The point I am driving at now is that we must have full confidence in God and His priests, who are endowed with the power to bind and loosen. God cannot abide in your soul when you are in mortal sin. He is, of course, still present in other modes, but abide in you He cannot. And if He is not at home in you, you will not be at home with yourself nor anywhere else. You make a hell for yourself and for others who have to live with you.
Get up as quickly as you fall, and you will recover your past merits. You will not have to start the journey all over again; you will continue from the point where you fell. According to St. Thomas (Aquinas) and other theologians, grace may even revive in the soul in a higher degree than before its loss, provided contrition is fervent enough. This is the way to peace, because it will restore the indwelling of the Holy Trinity within us.
For those of us with a scrupulous conscience, I want to quote the words of Father Alfred Wilson, C.P., in his Pardon and Peace(1948):
Love of God is the most effective antidote to sin. If we love God intensely, we shall hate sin effectively. If you desire to hate and conquer sin, try to forget all about yourself for a time, and study instead and ponder the goodness and loveableness of God, so that your soul may be refreshed by basking in the sunshine of His love. Get out into the fresh air of God's love and away from the fetid atmosphere of the repulsive and depressing dungeons of self and sin.
Nothing pleases God like a contrite heart coupled with a loving confidence in His mercy. If our conscience accuses us, then be sorry, go to Confession, and resolve to do better hereafter. Thus, our peace of mind is restored. If we have the testimony of a good conscience, then, as St. John says, "We have confidence towards God, and whatsoever we shall ask, we shall receive of him, because we keep his commandments, and do those things which are pleasing in his sight" (1 John 3.21-22).
Obviously it is foolish to think that sins need not be repented of and absolved, that they will dissolve themselves in the course of time. The longer they stay on your conscience, the worse trouble they will make, leaving you no peace and nagging at you constantly like a shrewish housewife. Can you enjoy peace of mind with a buzzing bee in your ear? But it is even worse to entertain a mean idea of God, as though He were not a forgiving Father.
Fr. Mateo |
One of the many souls who regard Jesus a tyrant was preparing to make a general confession for the hundredth time. Restlessly, she spent the days of her retreat writing down the sins of her whole life. She neither meditated nor prayed; she was entirely absorbed in an examination which stifled her.
At last she went into the confessional.

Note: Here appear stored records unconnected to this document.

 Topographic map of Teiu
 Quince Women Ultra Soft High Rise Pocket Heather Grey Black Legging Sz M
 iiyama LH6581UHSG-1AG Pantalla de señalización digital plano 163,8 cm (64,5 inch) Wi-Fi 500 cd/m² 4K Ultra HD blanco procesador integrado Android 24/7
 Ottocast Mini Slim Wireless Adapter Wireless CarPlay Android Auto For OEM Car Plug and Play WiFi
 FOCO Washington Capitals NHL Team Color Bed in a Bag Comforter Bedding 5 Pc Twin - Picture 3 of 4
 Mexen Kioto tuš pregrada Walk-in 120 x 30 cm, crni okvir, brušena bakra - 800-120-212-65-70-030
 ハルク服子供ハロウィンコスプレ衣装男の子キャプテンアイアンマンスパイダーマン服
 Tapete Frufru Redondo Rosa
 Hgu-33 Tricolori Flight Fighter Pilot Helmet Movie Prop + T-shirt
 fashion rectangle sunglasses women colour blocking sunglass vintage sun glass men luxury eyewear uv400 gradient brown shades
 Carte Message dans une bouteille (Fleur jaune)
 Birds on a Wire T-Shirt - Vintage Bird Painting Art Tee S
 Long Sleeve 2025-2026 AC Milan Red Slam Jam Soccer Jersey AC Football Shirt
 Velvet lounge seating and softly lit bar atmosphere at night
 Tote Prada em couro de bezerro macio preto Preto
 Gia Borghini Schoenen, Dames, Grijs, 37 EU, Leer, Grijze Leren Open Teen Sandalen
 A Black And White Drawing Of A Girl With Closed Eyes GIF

She read out the list of her sins, repeating and explaining over, and over again, in fear and trembling. When at length she thought she had finished, a voice was heard which very gently and very sadly said,
"You have forgotten something very important."
"I thought I must have," she answered, terror-stricken, and hastily prepared to read it all again.
"Your sin is not in your notes," continued the Voice, "and it offends me much more than all that you have said. Accuse yourself of lack of trust."
The voice moved her her to the depths and she sought to ascertain if it were really her confessor's. The Confessional was empty! Jesus had come to give her a supreme lesson.